In Memoriam: William J. Weiss

Bill Weiss, 86, one of SABR’s earliest members and a longtime statistician/historian for professional baseball leagues, died of a heart attack on Tuesday, August 16, 2011, in San Mateo, California.

Weiss joined SABR on September 3, 1971, as member No. 34 less than one month after the organization’s founding. By then, he had already spent two decades preparing sketch books for minor and major leagues — with the help of his beloved wife of 56 years, Faye — which contained biographical information and career records for all players in the league.

“At one time, he must have been doing stats for nine different leagues,” said his friend Dick Beverage, former SABR President and founder of the Pacific Coast League Historical Society. “He was a remarkable man. A baseball man; that’s the only way to describe him.”

William J. Weiss was born June 2, 1925, in Chicago, and inherited his love of baseball from his father, who took the 5-year-old to his first game at Wrigley Field in 1930. The precocious youngster began reading The Sporting News when he was 6 and collecting baseball books when he was 8.

He graduated from Hyde Park High in 1942, along with future SABR member George Hilton. Weiss attended Central YMCA College in Chicago for a year and a half, and was a civilian employee of the U.S. Navy for three years.

Weiss landed his first job in professional baseball in 1948, hired by Judge Howard Green — also a future SABR member — to become the statistician for the Class D Longhorn League and box office manager for the Abilene Blue Sox, which Green co-owned.

The following year, Weiss headed West to compile stats for the California and Far West leagues in San Francisco. At the end of the 1949 season, Weiss became statistician for the Pacific Coast League and made his home in San Mateo, where he and Faye raised generations of black cocker spaniels for more than five decades.

As the years passed, Weiss added other leagues as clients: Sunset in 1950, Pioneer and Arizona-Texas in 1952; Longhorn in 1953, Western International and West Texas-New Mexico in 1954, Northwest in 1955 and Western in 1956.  He was statistician for other circuits as well, including the American Association in 1969-70.
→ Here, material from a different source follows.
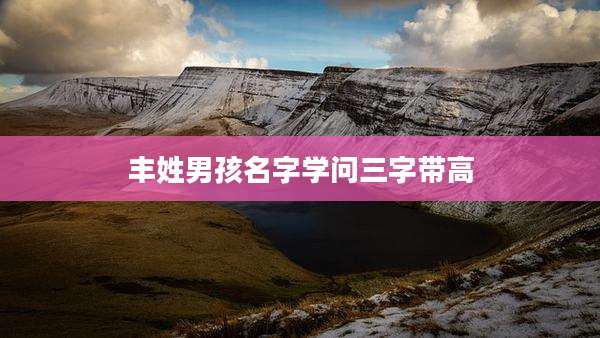 丰姓男孩名字学问三字带高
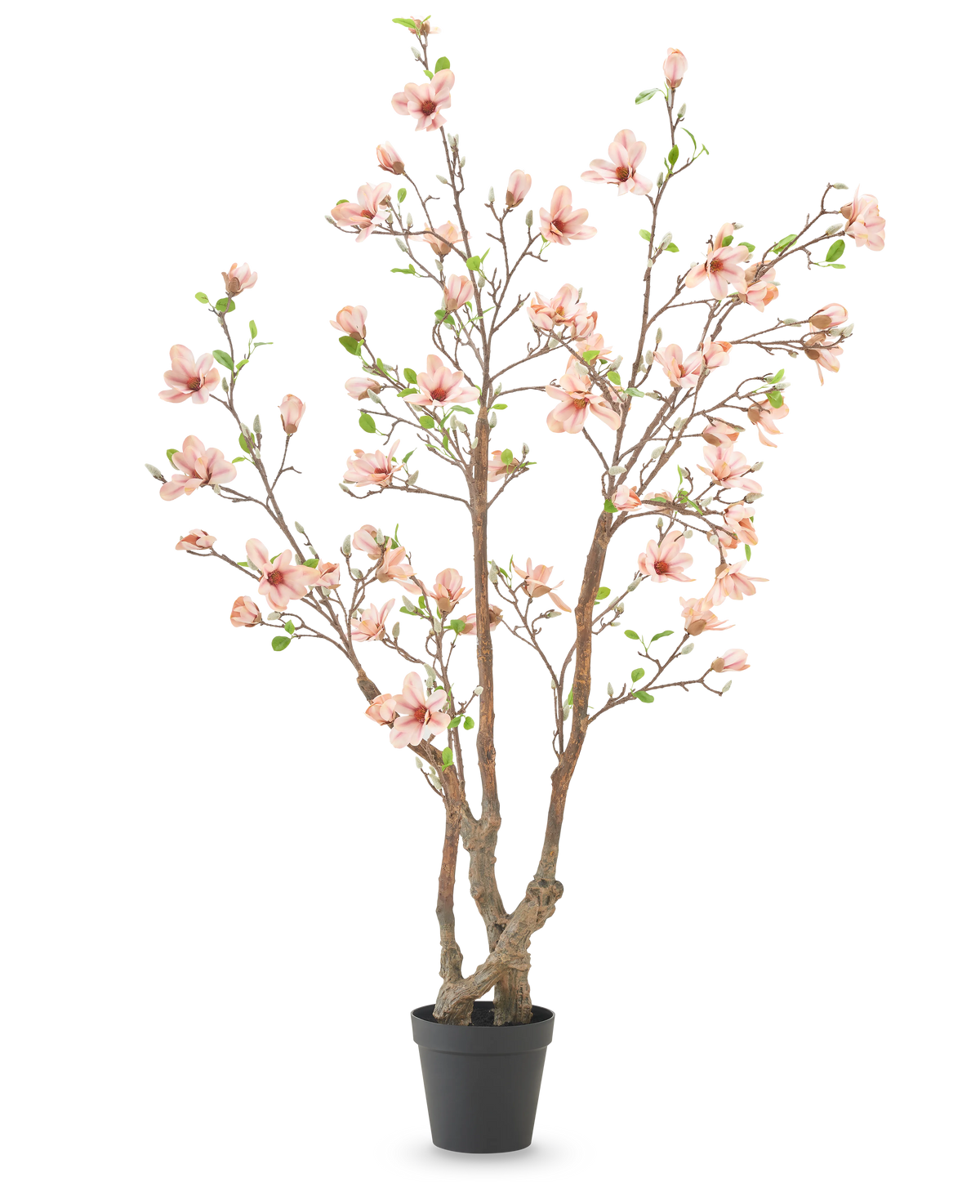 La Plante Artificielle Magnolia 220 cm est un magnolia artificiel en pot avec plusieurs branches marron, des fleurs rose clair et des feuilles vertes dans un simple pot noir sur fond blanc.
For more than a quarter-century, Weiss published a weekly newsletter for the California League and prepared the PCL record book, updating it daily by hand. For a time, he wrote columns for Baseball America.

In 1988, Weiss’ business was purchased by Howe Sportsdata International and he became an executive with the company.

“He was so busy during the baseball season,” Beverage said. “He knew so much about the game and all the people in it.”

One of Weiss’ greatest pleasures was serving as president of the Peninsula Winter League in the San Francisco area from 1959 to 1984. Organized by a group of scouts and financed by several major league teams, the PWL sent numerous players to the big leagues, including Joe Morgan, Willie Stargell and Ken Caminiti.

Weiss was the longtime secretary-treasurer of the Professional Baseball Scouts of Northern California, and served many years as the National Association’s representative on the Scoring Rules Committee, along with such luminaries as Seymour Siwoff, Jerome Holtzman, Jack Lang and Red Foley.

In addition to more than 200 of the statistical record books he compiled, Weiss also possessed an extensive collection of baseball memorabilia, including a large run of World Series programs and most editions of The Sporting News dating to 1914.

Weiss received the SABR Salute in 1997. In 2004, he was honored with the Baseball Reliquary’s Tony Salin Memorial Award, which recognizes a person who dedicates his or her life to baseball history.

According to Beverage, no services are planned at this time. In lieu of flowers, please consider a memorial donation in Weiss’ name to the Animal Rescue Foundation or the American Society for the Prevention of Cruelty of Animals.